START Given data
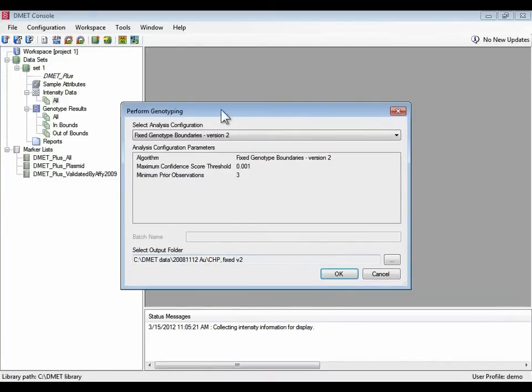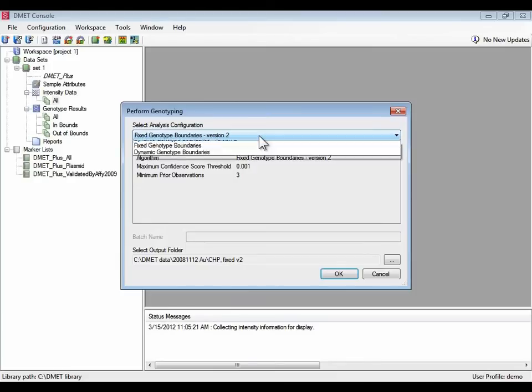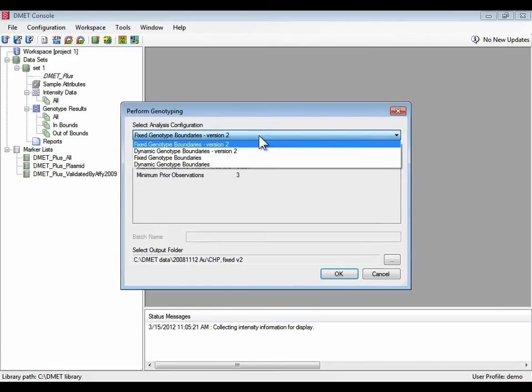Okay, so here's the main genotyping window. You start by selecting how you want to genotype your data, your analysis configuration. From this pull down window, there's four options available.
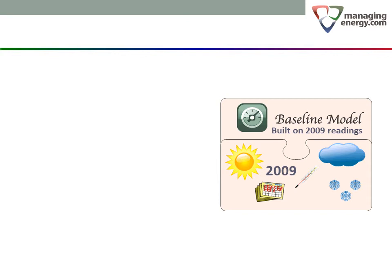The most obvious choice for standard weather would be the weather during the baseline period. If our baseline period was 2009, we would then be combining the 2009 model with the 2009 weather conditions. The resulting value would be exactly what was consumed in 2009. Simple, right?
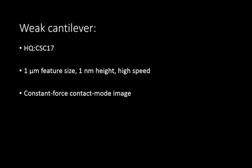Start with the weak cantilever. For this purpose, use the HQCSC17. In the imaging wizard, set the feature size and feature height to 1 micrometer and 1 nanometer respectively. Set the scan speed to high and obtain a constant force contact mode image.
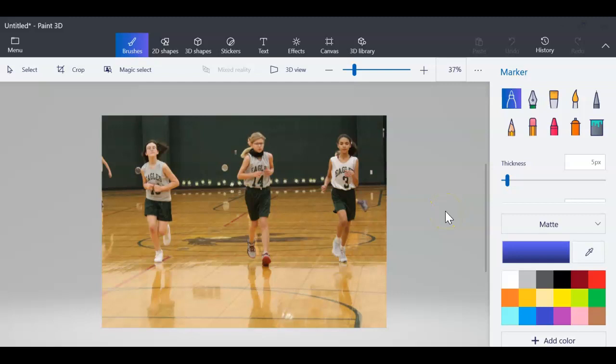This video is going to show you how you can take a selection from one graphic in Paint 3D and insert it into another graphic.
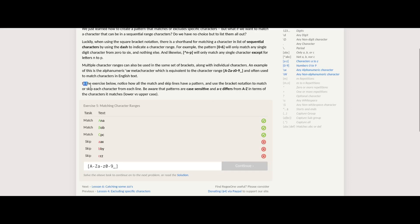And in the exercise, notice how all the matches skip lines have a pattern. Notice how all the match and skip lines have a pattern, and use the bracket notation to match or skip each character from each line. Be aware that patterns are case sensitive and a through z is different from A through Z.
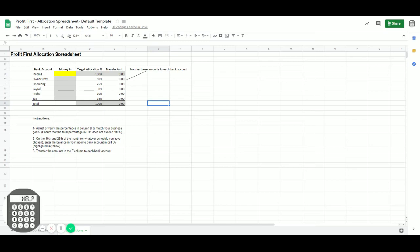All you need to do is make sure that the percentages that are set up in the allocations are the ones that are right for your business. Then you just look at the balance in your income account and you type it in on the yellow box.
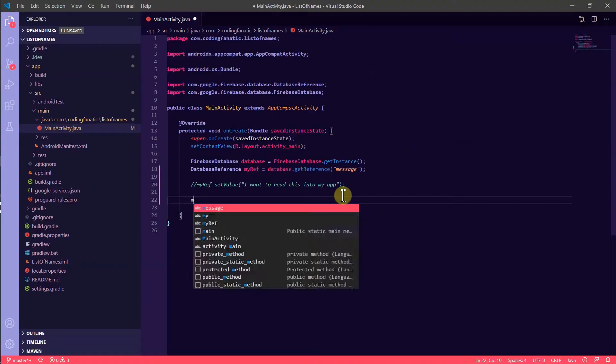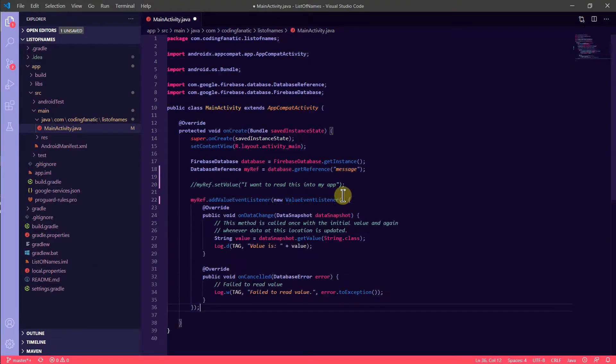I invoked the addEventListener method on the database reference object, and this would allow me to add or pull the information from the matching value for that reference in the real-time database. In this case, I was using one of the messages from my database from last time, and the goal was to pull that value into a string and then see it somehow.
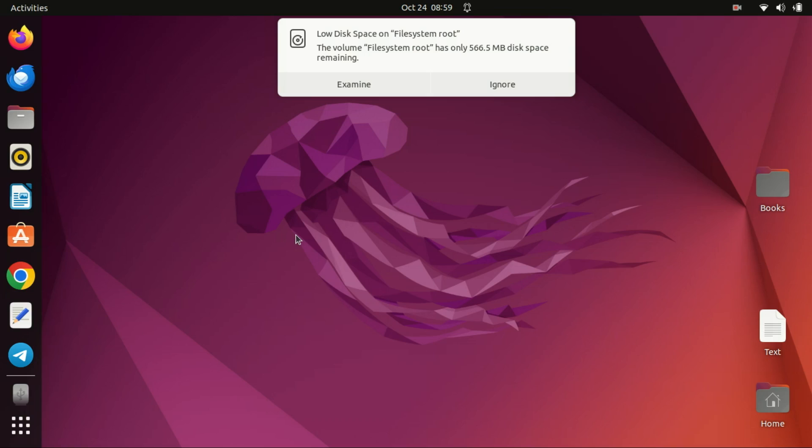Hi everyone, welcome back to the channel. Today we have an important tutorial for those of you who are running a dual boot setup with Linux and Windows.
END Given data
--- What you will do ---
Though the entries above contain pictures, none should be copied; reproduce only the lines between the one holding "This video is" and the one holding "And in the exercise, notice", inclusive, exactly as written.

--- Answer to this problem ---
This video is going to show you how you can take a selection from one graphic in Paint 3D and insert it into another graphic.
And in the exercise, notice how all the matches skip lines have a pattern. Notice how all the match and skip lines have a pattern, and use the bracket notation to match or skip each character from each line. Be aware that patterns are case sensitive and a through z is different from A through Z.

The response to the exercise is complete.